Extracted records:

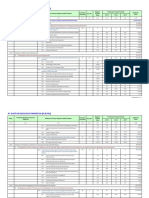 F12 PDF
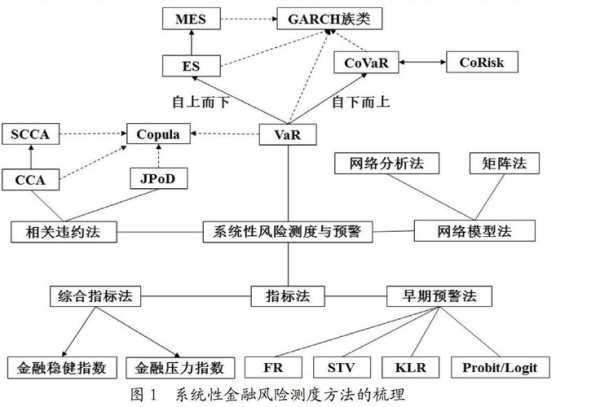 影響網(wǎng)站權(quán)重和信任度的是（影響網(wǎng)站權(quán)重和信任度的是哪些因素）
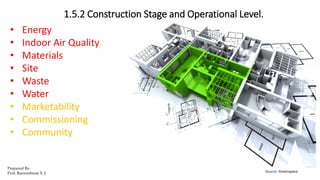 1.5.2 Construction Stage and Operational Level.
Source- Greenspace
• Energy
• Indoor Air Quality
• Materials
• Site
• Waste
• Water
• Marketability
• Commissioning
• Community
Prepared By-
Prof. Basweshwar S. J.
 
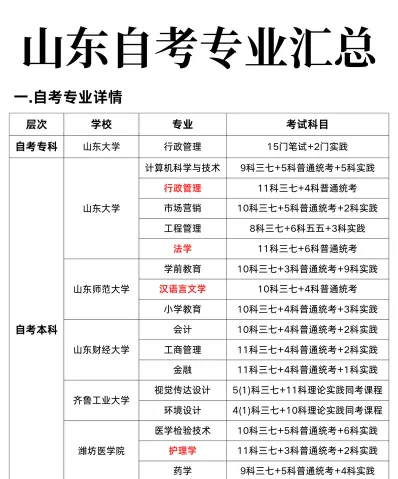 自学考试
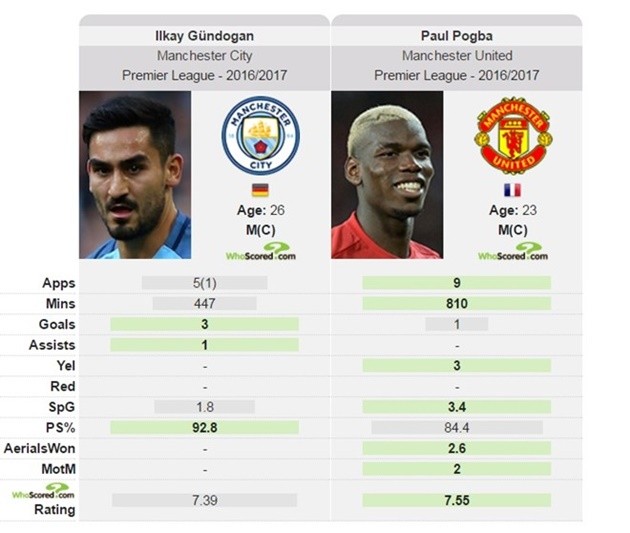 pogba-4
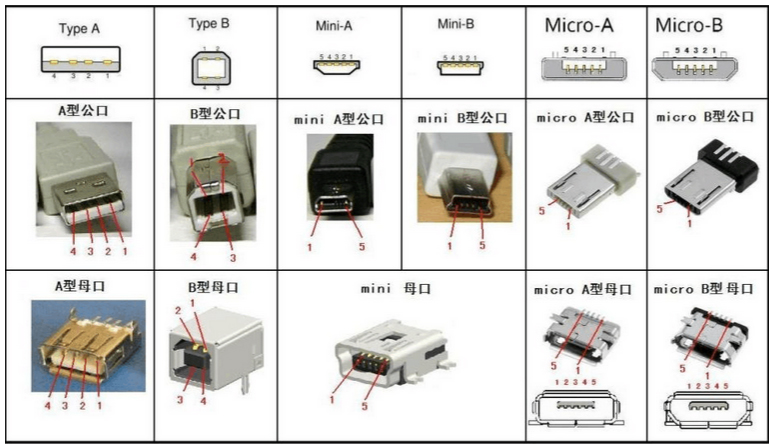 USB 3.0、USB 3.1到底什么區別？終于明白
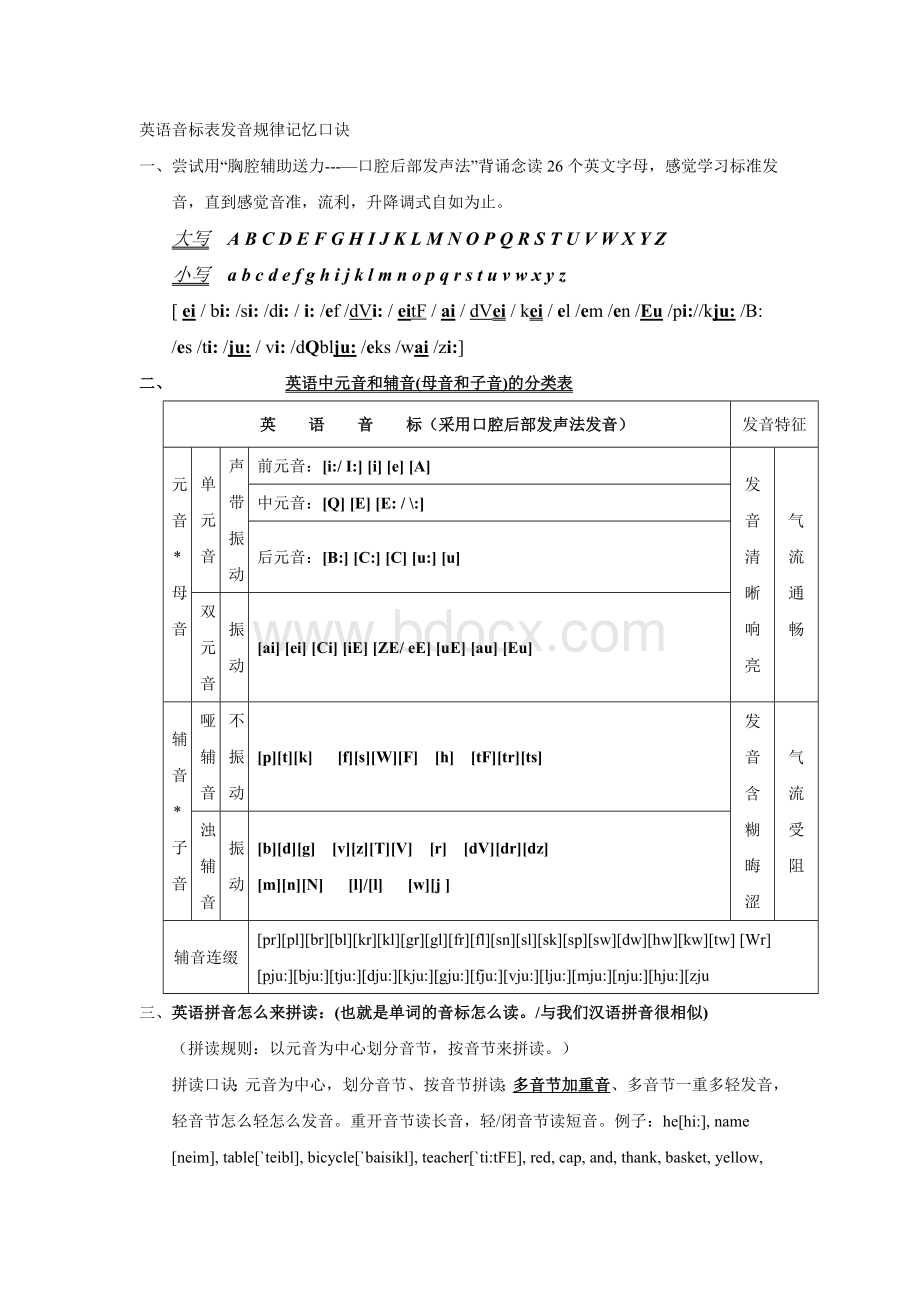 英语音标表发音规律记忆口诀1.doc_第1页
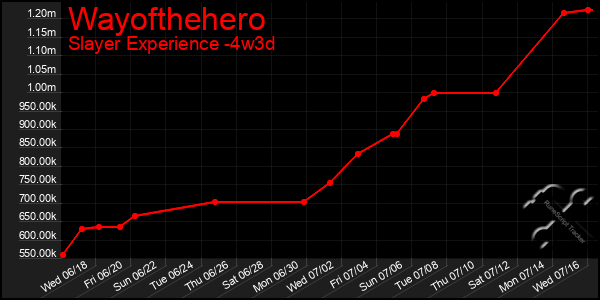 Last 31 Days Graph of Wayofthehero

**Task objective**
A faithful, word-for-word version of the records above is needed, with no images in it.

**Exercise response**
 F12 PDF
 影響網(wǎng)站權(quán)重和信任度的是（影響網(wǎng)站權(quán)重和信任度的是哪些因素）
 1.5.2 Construction Stage and Operational Level.
Source- Greenspace
• Energy
• Indoor Air Quality
• Materials
• Site
• Waste
• Water
• Marketability
• Commissioning
• Community
Prepared By-
Prof. Basweshwar S. J.
 
 自学考试
 pogba-4
 USB 3.0、USB 3.1到底什么區別？終于明白
 英语音标表发音规律记忆口诀1.doc_第1页
 Last 31 Days Graph of Wayofthehero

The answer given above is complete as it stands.